Stored data:
::::
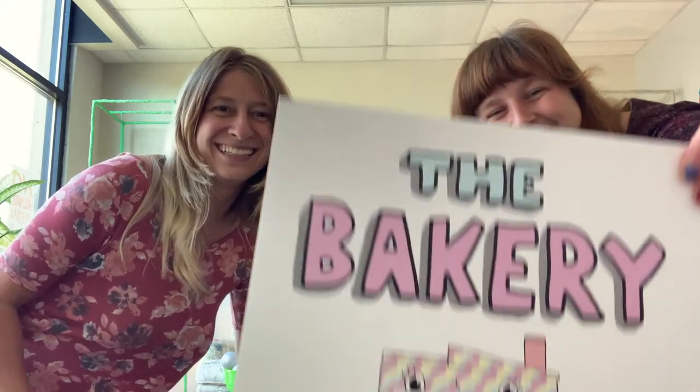Hi there, my name is Willow Goldstein and I'm the founder and creative director of The Bakery. Hi, my name is Amanda Norris and I'm the program administrator.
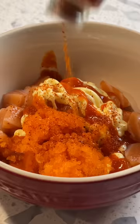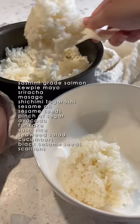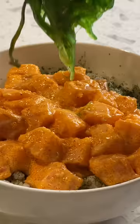This entire salmon was about $12 and it's enough for two really big bowls. All of the ingredients I already had in my pantry — I will list it on the screen right here. Then all I need to do is serve on a bed of sushi rice and top with toppings.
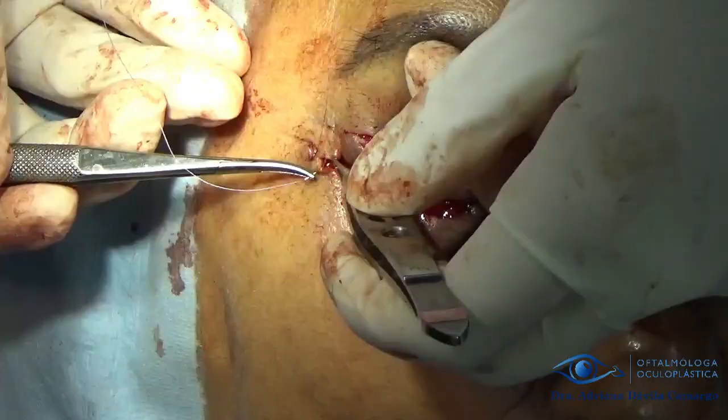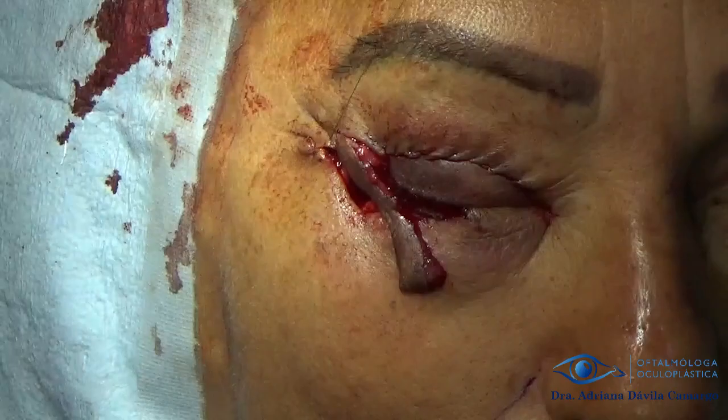We use a malleable retractor to protect the globe and proceed to close the defect. In post-operative care, you must leave an ointment with antibiotic and anti-inflammatory and patch it for a few days so that it makes contact with the vascular bed.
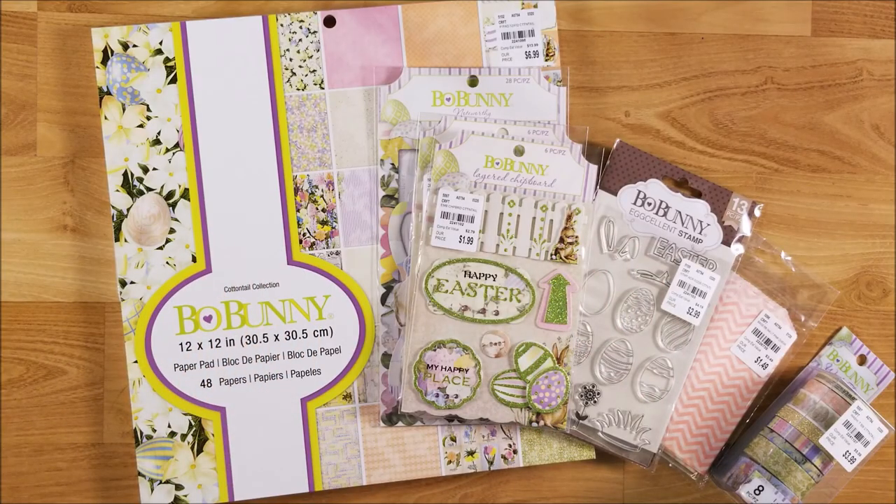Hi guys, welcome back to my channel. This is Kimmeth Creative Crafticality and today I have a small Tuesday Morning haul for you.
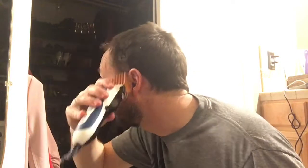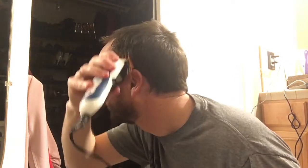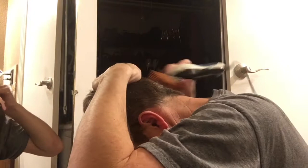I put my hand at the back of my head to kind of give me a stop, so I know how far I have to go in the back.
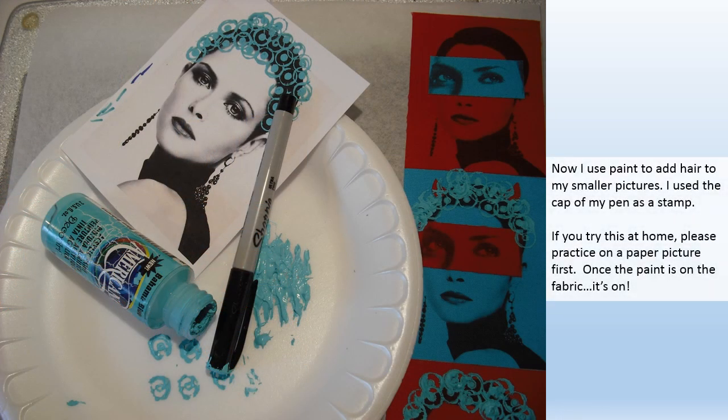Now I use paint to add hair to my smaller pictures. I use the cap of my pen as a stamp. If you try this at home please practice on a paper picture first. Once the paint's on the fabric it's on.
::::
Retype every entry exactly, but keep the pictures out of your copy.

YOUR RESPONSE -
Hi there, my name is Willow Goldstein and I'm the founder and creative director of The Bakery. Hi, my name is Amanda Norris and I'm the program administrator.
This entire salmon was about $12 and it's enough for two really big bowls. All of the ingredients I already had in my pantry — I will list it on the screen right here. Then all I need to do is serve on a bed of sushi rice and top with toppings.
We use a malleable retractor to protect the globe and proceed to close the defect. In post-operative care, you must leave an ointment with antibiotic and anti-inflammatory and patch it for a few days so that it makes contact with the vascular bed.
Hi guys, welcome back to my channel. This is Kimmeth Creative Crafticality and today I have a small Tuesday Morning haul for you.
I put my hand at the back of my head to kind of give me a stop, so I know how far I have to go in the back.
Now I use paint to add hair to my smaller pictures. I use the cap of my pen as a stamp. If you try this at home please practice on a paper picture first. Once the paint's on the fabric it's on.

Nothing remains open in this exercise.